Jesús no es así. Él se pone en el lugar de sus hijos y espera.Acoge sus miedos y desvelos sin juzgarlos. Los toma como algo propio sin querer imponer su camino. Impresiona su actitud paciente. Los espera, los cuida, camina a su lado, respeta.
 
¿Quién es el centro?
 
En la vida vivimos tantas veces centrados en nosotros mismos. Organizamos nuestra vida pensando en lo que nos conviene, en nuestros intereses y deseos.
 
Jesús es diferente. Siempre se descentra y pone el centro en el hombre, en los suyos. Jesús se centra en lo que nos preocupa a nosotros, en nuestros miedos e inseguridades.
 
El vivir centrados nos hace más egoístas, más autorreferentes. Acabamos pensando que el mundo debería girar a nuestro alrededor. Pero no suele ser así.
 
Vivir centrados es limitante y, a la larga, frustrante. Porque la única mirada sobre la vida es la nuestra, el único juicio importante, la única manera de juzgar la realidad.
 
Al vivir centrados no nos preguntamos nada más, no nos interesan las otras vidas, no preguntamos a nadie cómo se siente, qué le preocupa. En realidad, no nos interesa cuando vivimos así.
 
En la vida a veces vamos así por el mundo. Vamos contando nuestros problemas, nuestras preocupaciones, como si todos estuvieran viviendo nuestra vida, como si fuera la única importante.
 
Vivimos centrados en nuestro ombligo. Nada de los demás nos inquieta, ni nos preocupa. Ojalá aprendiéramos a descentrarnos.
 
Ojalá pudiéramos repetir estas palabras cada noche en nuestro corazón: «Gracias porque pones en mi camino a personas que necesitan de mí y me haces sentir como el buen samaritano cuando les ayudo, y cuando me doy, aumentas mi felicidad y mi fe, porque en ti confío.
 
Gracias porque otras muchas veces me acercas a personas especiales y me haces ver su bondad y ellas hacen que me cambie el corazón.
 
Gracias por enseñarme poco a poco a ver a las personas con otros ojos, con otra mirada, con cariño, no con ojos críticos, sin envidias, y me pongo contenta por la alegría de los demás».
 
Esa actitud es la de aquel hombre que vive descentrado, que ha puesto su felicidad en hacer felices a los otros, que vive mirando dónde Dios quiere su presencia

, que sabe que su vida consiste en servir y darlo todo por amor.
 
Vivir descentrados es la actitud propia del cristiano, del discípulo, del hijo de Dios, del hijo de María.
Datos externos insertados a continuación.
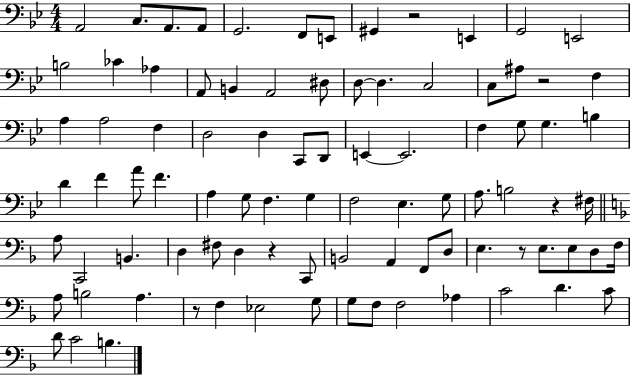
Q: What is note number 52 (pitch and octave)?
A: A3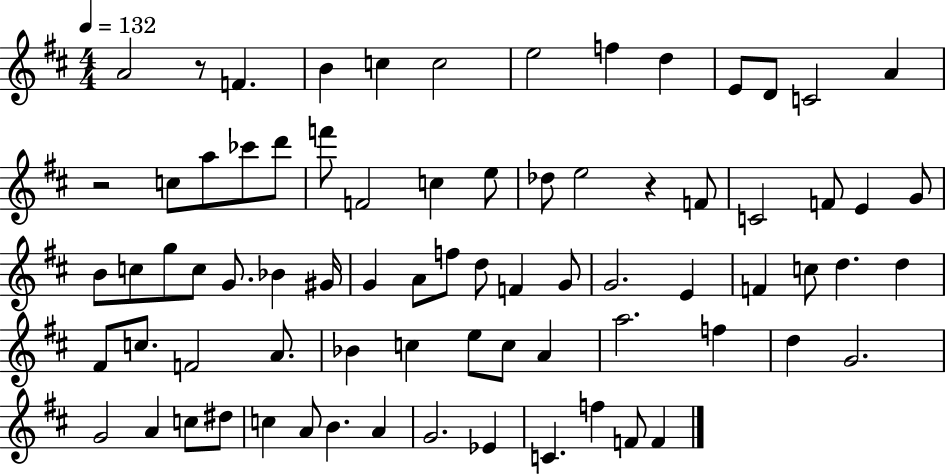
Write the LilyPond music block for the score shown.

{
  \clef treble
  \numericTimeSignature
  \time 4/4
  \key d \major
  \tempo 4 = 132
  a'2 r8 f'4. | b'4 c''4 c''2 | e''2 f''4 d''4 | e'8 d'8 c'2 a'4 | \break r2 c''8 a''8 ces'''8 d'''8 | f'''8 f'2 c''4 e''8 | des''8 e''2 r4 f'8 | c'2 f'8 e'4 g'8 | \break b'8 c''8 g''8 c''8 g'8. bes'4 gis'16 | g'4 a'8 f''8 d''8 f'4 g'8 | g'2. e'4 | f'4 c''8 d''4. d''4 | \break fis'8 c''8. f'2 a'8. | bes'4 c''4 e''8 c''8 a'4 | a''2. f''4 | d''4 g'2. | \break g'2 a'4 c''8 dis''8 | c''4 a'8 b'4. a'4 | g'2. ees'4 | c'4. f''4 f'8 f'4 | \break \bar "|."
}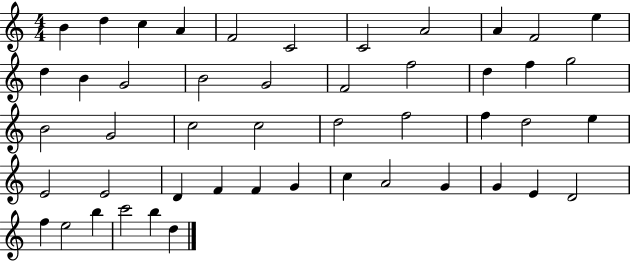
{
  \clef treble
  \numericTimeSignature
  \time 4/4
  \key c \major
  b'4 d''4 c''4 a'4 | f'2 c'2 | c'2 a'2 | a'4 f'2 e''4 | \break d''4 b'4 g'2 | b'2 g'2 | f'2 f''2 | d''4 f''4 g''2 | \break b'2 g'2 | c''2 c''2 | d''2 f''2 | f''4 d''2 e''4 | \break e'2 e'2 | d'4 f'4 f'4 g'4 | c''4 a'2 g'4 | g'4 e'4 d'2 | \break f''4 e''2 b''4 | c'''2 b''4 d''4 | \bar "|."
}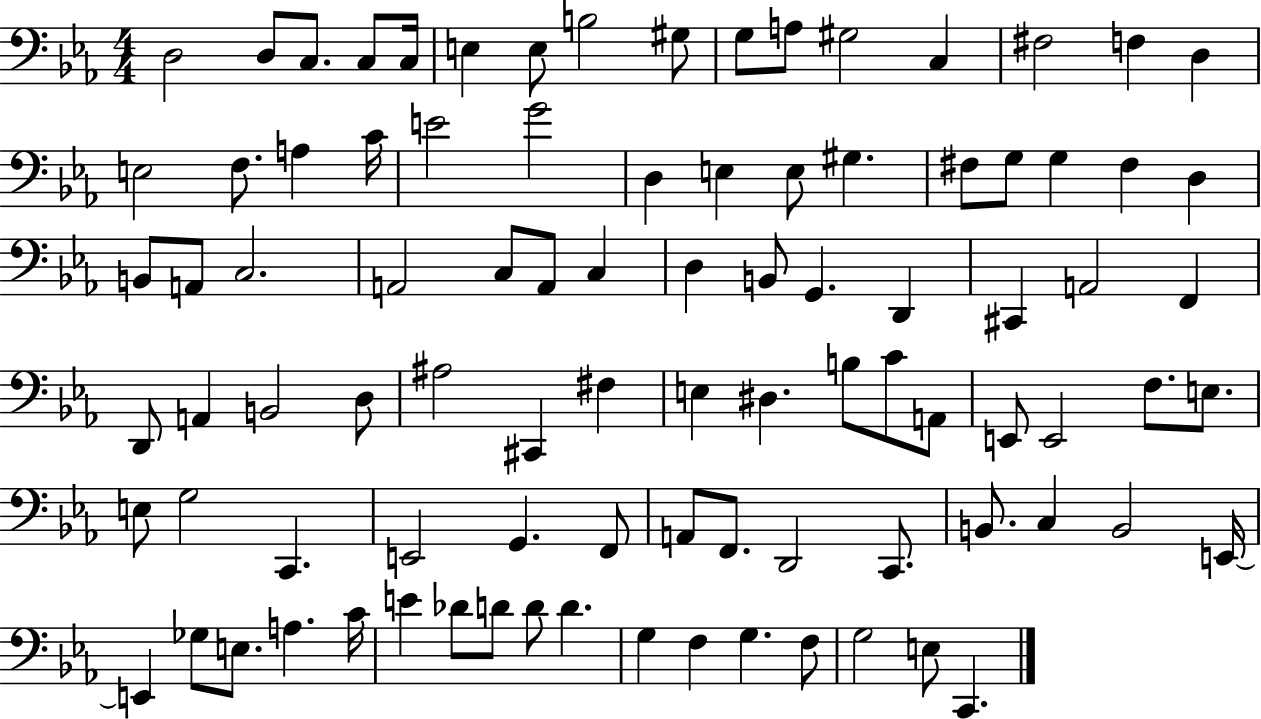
D3/h D3/e C3/e. C3/e C3/s E3/q E3/e B3/h G#3/e G3/e A3/e G#3/h C3/q F#3/h F3/q D3/q E3/h F3/e. A3/q C4/s E4/h G4/h D3/q E3/q E3/e G#3/q. F#3/e G3/e G3/q F#3/q D3/q B2/e A2/e C3/h. A2/h C3/e A2/e C3/q D3/q B2/e G2/q. D2/q C#2/q A2/h F2/q D2/e A2/q B2/h D3/e A#3/h C#2/q F#3/q E3/q D#3/q. B3/e C4/e A2/e E2/e E2/h F3/e. E3/e. E3/e G3/h C2/q. E2/h G2/q. F2/e A2/e F2/e. D2/h C2/e. B2/e. C3/q B2/h E2/s E2/q Gb3/e E3/e. A3/q. C4/s E4/q Db4/e D4/e D4/e D4/q. G3/q F3/q G3/q. F3/e G3/h E3/e C2/q.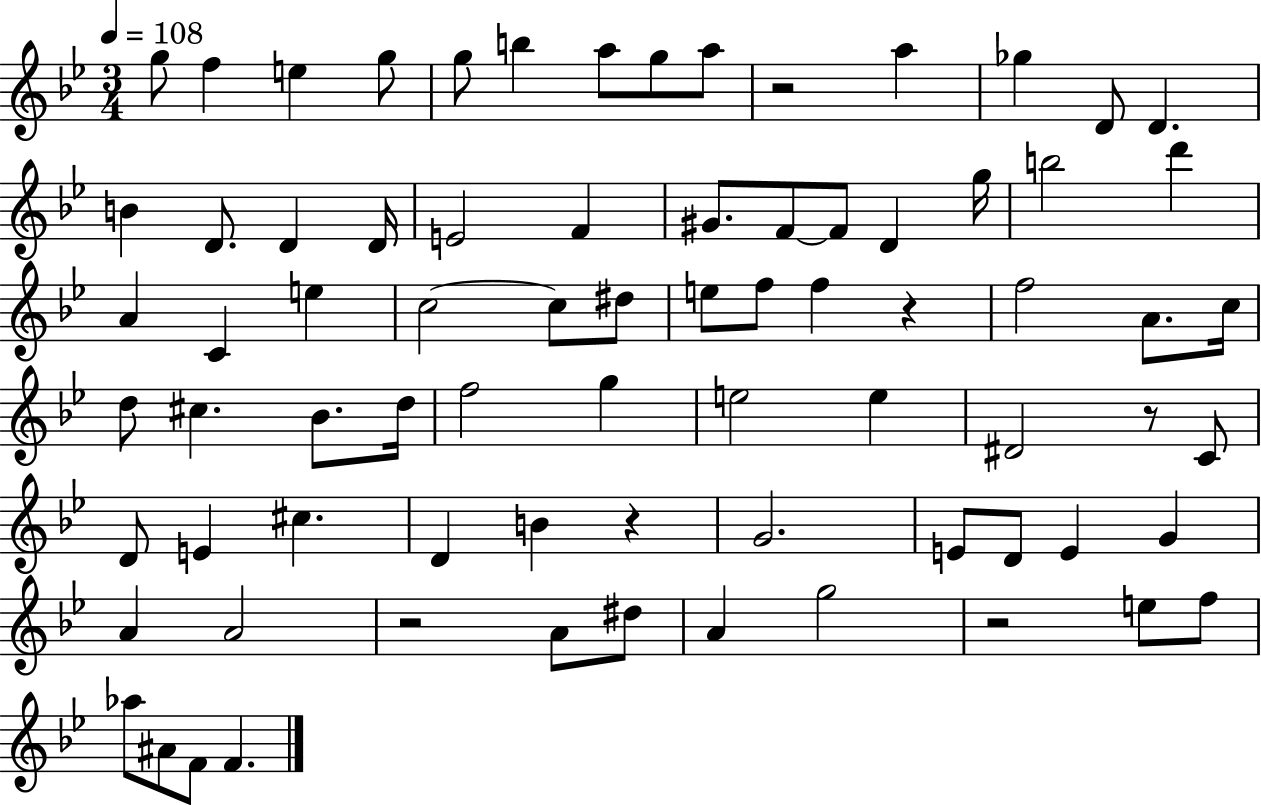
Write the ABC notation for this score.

X:1
T:Untitled
M:3/4
L:1/4
K:Bb
g/2 f e g/2 g/2 b a/2 g/2 a/2 z2 a _g D/2 D B D/2 D D/4 E2 F ^G/2 F/2 F/2 D g/4 b2 d' A C e c2 c/2 ^d/2 e/2 f/2 f z f2 A/2 c/4 d/2 ^c _B/2 d/4 f2 g e2 e ^D2 z/2 C/2 D/2 E ^c D B z G2 E/2 D/2 E G A A2 z2 A/2 ^d/2 A g2 z2 e/2 f/2 _a/2 ^A/2 F/2 F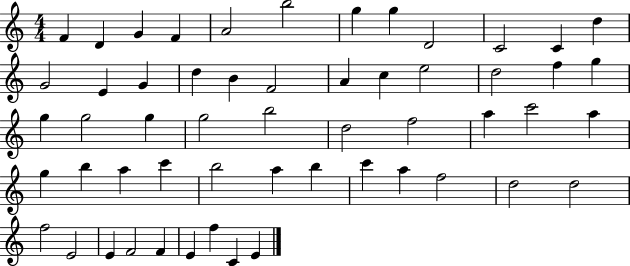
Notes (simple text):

F4/q D4/q G4/q F4/q A4/h B5/h G5/q G5/q D4/h C4/h C4/q D5/q G4/h E4/q G4/q D5/q B4/q F4/h A4/q C5/q E5/h D5/h F5/q G5/q G5/q G5/h G5/q G5/h B5/h D5/h F5/h A5/q C6/h A5/q G5/q B5/q A5/q C6/q B5/h A5/q B5/q C6/q A5/q F5/h D5/h D5/h F5/h E4/h E4/q F4/h F4/q E4/q F5/q C4/q E4/q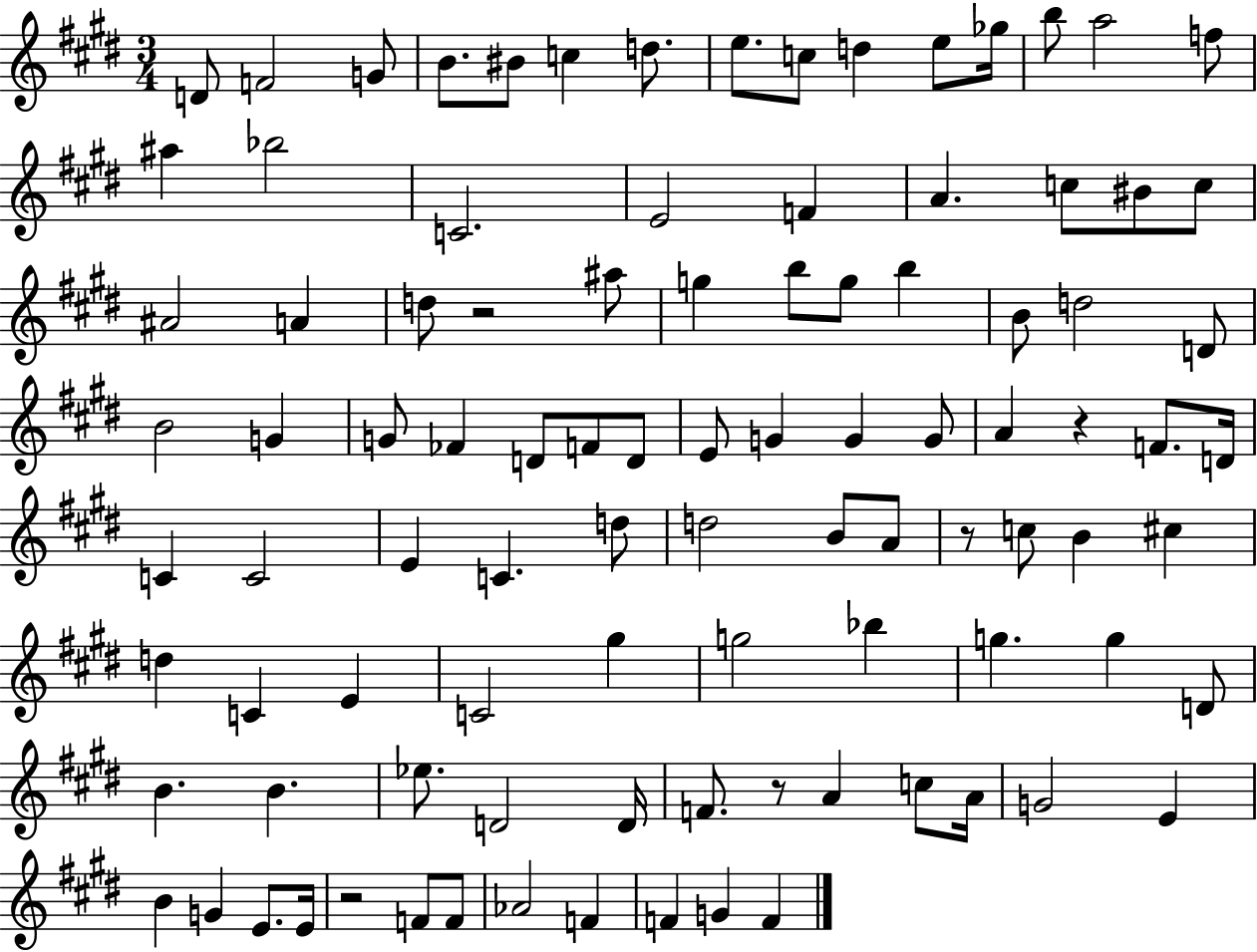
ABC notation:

X:1
T:Untitled
M:3/4
L:1/4
K:E
D/2 F2 G/2 B/2 ^B/2 c d/2 e/2 c/2 d e/2 _g/4 b/2 a2 f/2 ^a _b2 C2 E2 F A c/2 ^B/2 c/2 ^A2 A d/2 z2 ^a/2 g b/2 g/2 b B/2 d2 D/2 B2 G G/2 _F D/2 F/2 D/2 E/2 G G G/2 A z F/2 D/4 C C2 E C d/2 d2 B/2 A/2 z/2 c/2 B ^c d C E C2 ^g g2 _b g g D/2 B B _e/2 D2 D/4 F/2 z/2 A c/2 A/4 G2 E B G E/2 E/4 z2 F/2 F/2 _A2 F F G F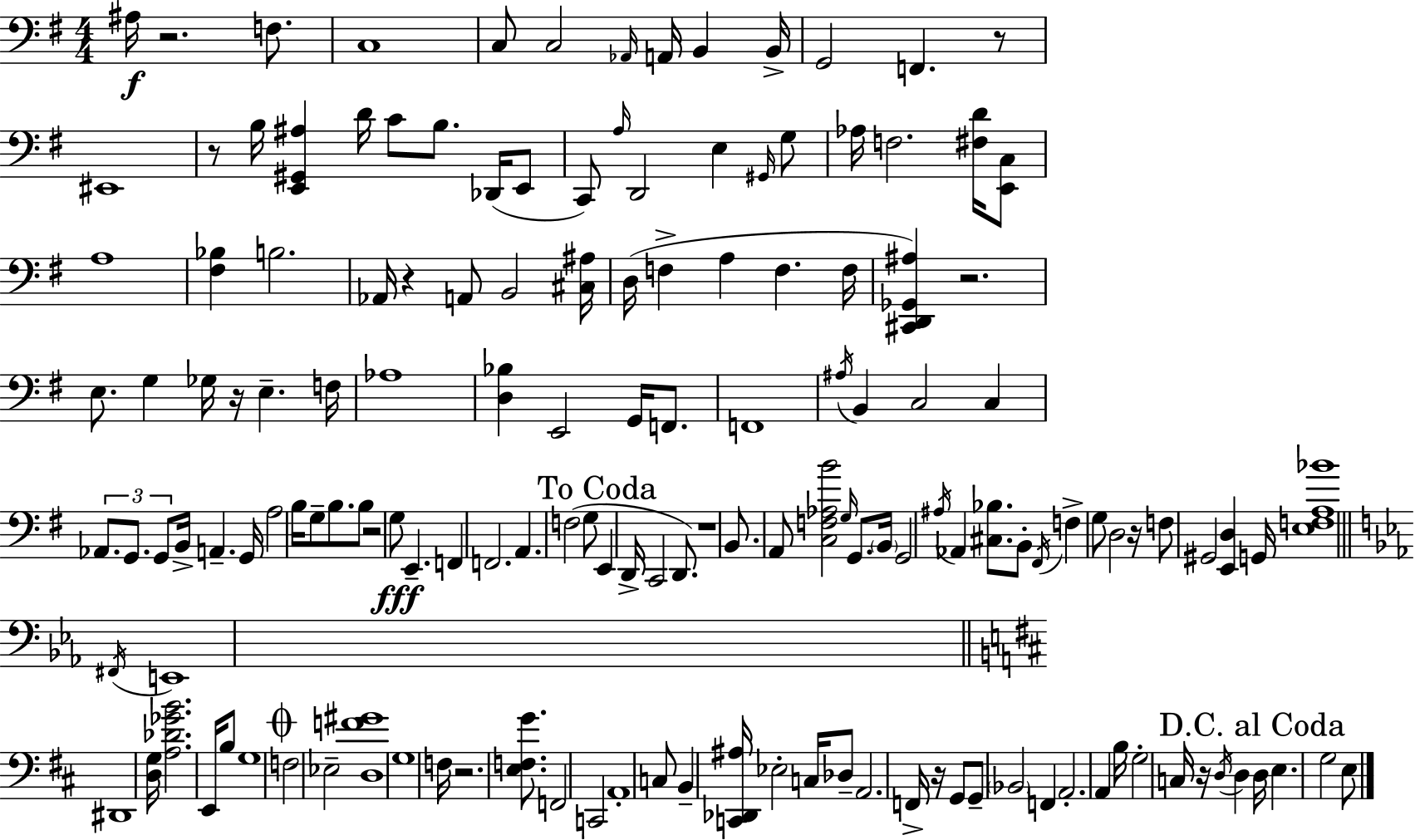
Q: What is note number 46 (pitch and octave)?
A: F2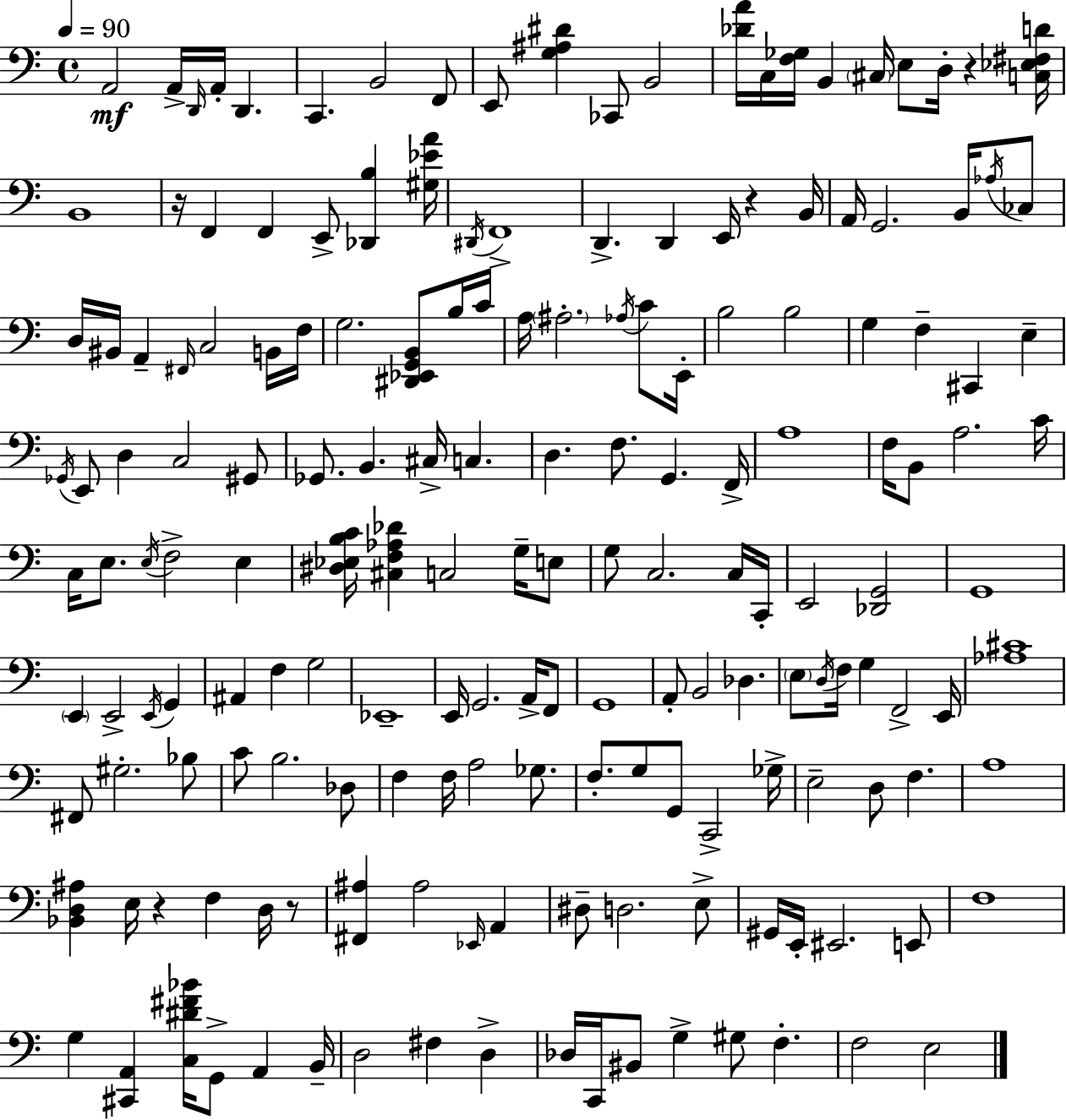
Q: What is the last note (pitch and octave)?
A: E3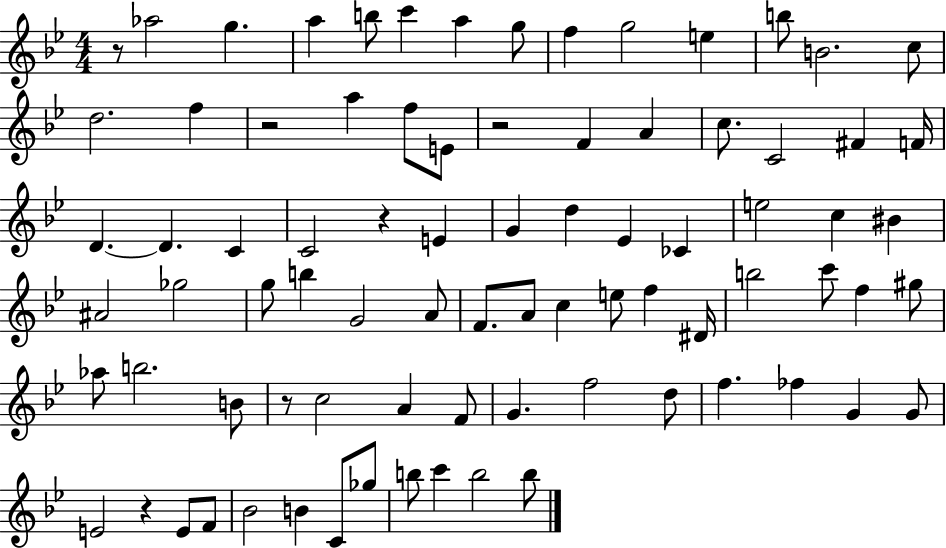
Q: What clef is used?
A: treble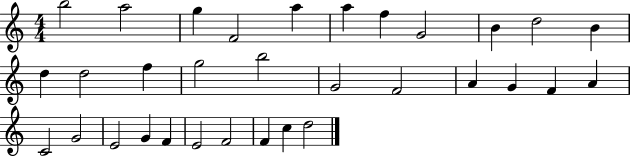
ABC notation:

X:1
T:Untitled
M:4/4
L:1/4
K:C
b2 a2 g F2 a a f G2 B d2 B d d2 f g2 b2 G2 F2 A G F A C2 G2 E2 G F E2 F2 F c d2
Porque María vivió así su vida, descentrada. Ella acogió en su seno a Jesús y su vida tuvo su centro en Él.
 
Y al estar centrada en Cristo pasó a estar centrada en sus hijos, en todos los que caminaban a su lado.
 
María llora nuestra ausencia cuando nos alejamos. María, la esclava del Señor, es el camino, es la forma como quisiéramos vivir cada día.
 
Ella nos enseña a vivir, a volcar nuestro amor en los que nos rodean, a mirar con misericordia a quienes Dios nos confía.
 
Cristo, igual que María, siempre vivió descentrado, amando a los hombres. Se pone a la altura del caminante, en medio de su vida, en sus preocupaciones y escucha, llama, aguarda. Y pregunta: ¿De qué vienes conversando? ¿Qué te preocupa? ¿Qué temes?
 
Nosotros hoy, como cada día, escuchamos su pregunta. Y le contamos. Abrimos el alma. Nos dejamos acompañar.
 
Jesús nos enseña a vivir pensando en los demás y nos enseña a vivir contándole a Él lo que nos inquieta. Miramos a Jesús, miramos a María. Miramos el corazón y le entregamos a Dios nuestros miedos y preocupaciones, nuestras tristezas y desilusiones.
 
Lo hacemos felices de dejar lo que nos pesa en el corazón. Y aprendemos a hacer lo mismo con aquellos que Dios nos confía.